Starfish have no central brain or head!

In the book The Starfish and the Spider, Brafman and Beckstrom compare the nature of a spider and a starfish when it comes to multiplying. If you cut off the leg of a spider it may survive, but if you cut its head off it will die. Yet in a starfish there is no head. The major organs are replicated in each arm. So if you cut a starfish in half it will replicate itself. With the Linckia, or long armed starfish, you can cut it up into pieces and each piece will grow into a new starfish. For a starfish to move, one of the arms must go through a process of communicating with and convincing the other arms that they should also move. (p.35) What an amazing creature! This is the nature of how de-centralized movements function.

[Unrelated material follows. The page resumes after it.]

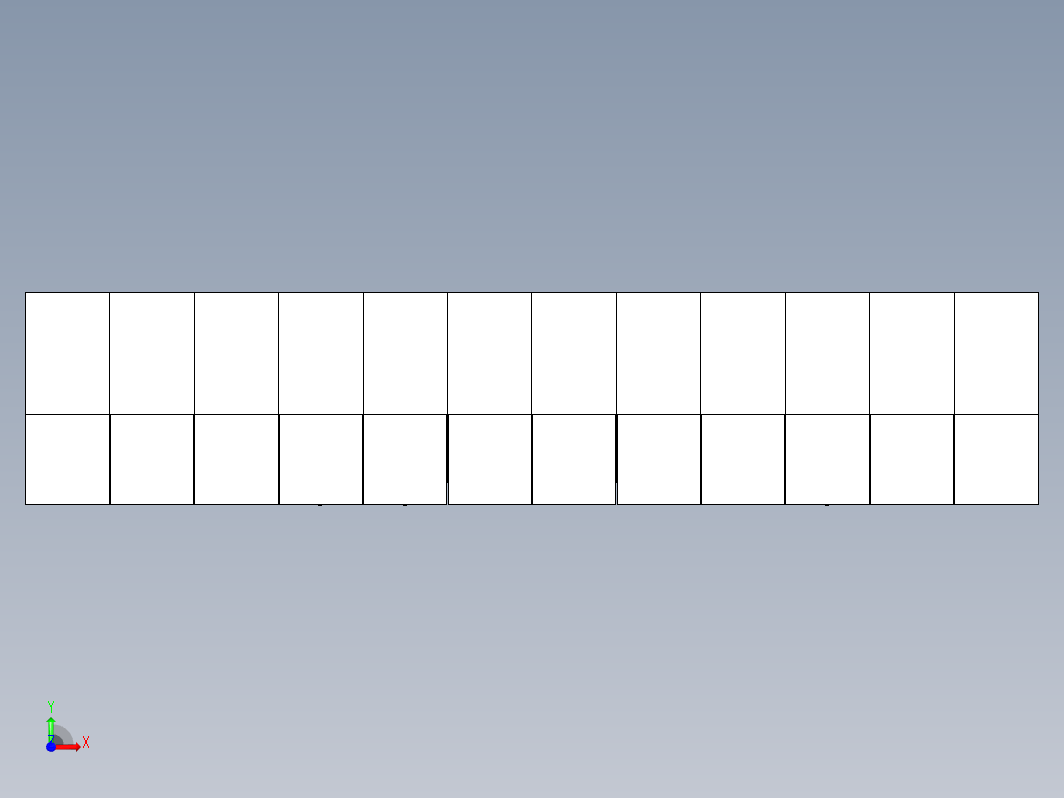 中压环网柜SM6 图02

Catalysts work at not becoming the center

The nature of most movements is that they start out being decentralized, and yet over time there is a natural gravitational pull to become more centralized. This happens as the movement develops structures to serve the organic life of the movement. The struggle revolves around the ebb and flow of centralization and de-centralization. So the seminal question in most organizations, businesses, church denominations is “How do we remain in a movement state?”  A subset of questions is: “How do leaders keep from staying in the center, so that if they die or resign the movement shrinks or dies?  How do we steward power and authority? Is it possible for de-centralized movements to exist in harmony within more centralized movements?” The core of the questions revolves around the issues of leadership and structure.

“Every river has banks to guide the water to its end goal; every tree has a trunk to support the sap getting to the extremities of the branches; and every body has a skeleton to contain the spirit.”

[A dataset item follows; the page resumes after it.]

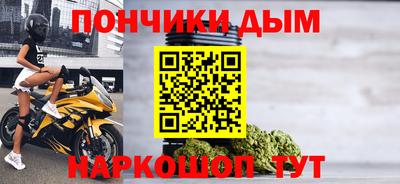 твердый Кинель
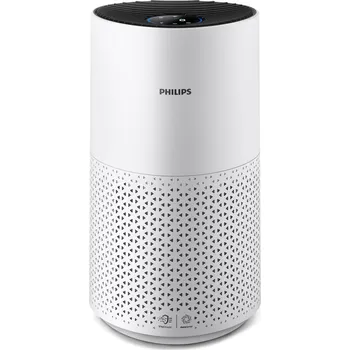 Philips Series 1000i  AC1715/10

Sometimes organic movements overreact, out of the fear of becoming a hierarchical organization that is a bottleneck to change and growth, by becoming very suspicious, or even anti or allergic to any type of leadership, or anything that smacks of structure, ritual, or deliberate planning. This is one of the central themes or plots of history. The upstart spontaneous movements throw out the proverbial baby with the bathwater. During the Luther led reformation, people reacted to the Catholic tradition of icons and relics by tearing down and destroying many of the icons in their churches. All icons and relics were seen as potential for idolatry and tools to manipulate people. Thus we get the word iconoclastic. On the other hand, the older more institutionalized organizations often see the new movements as a threat and try to squelch or even stop them.  This has resulted in numerous rifts, schisms, and divisive splits.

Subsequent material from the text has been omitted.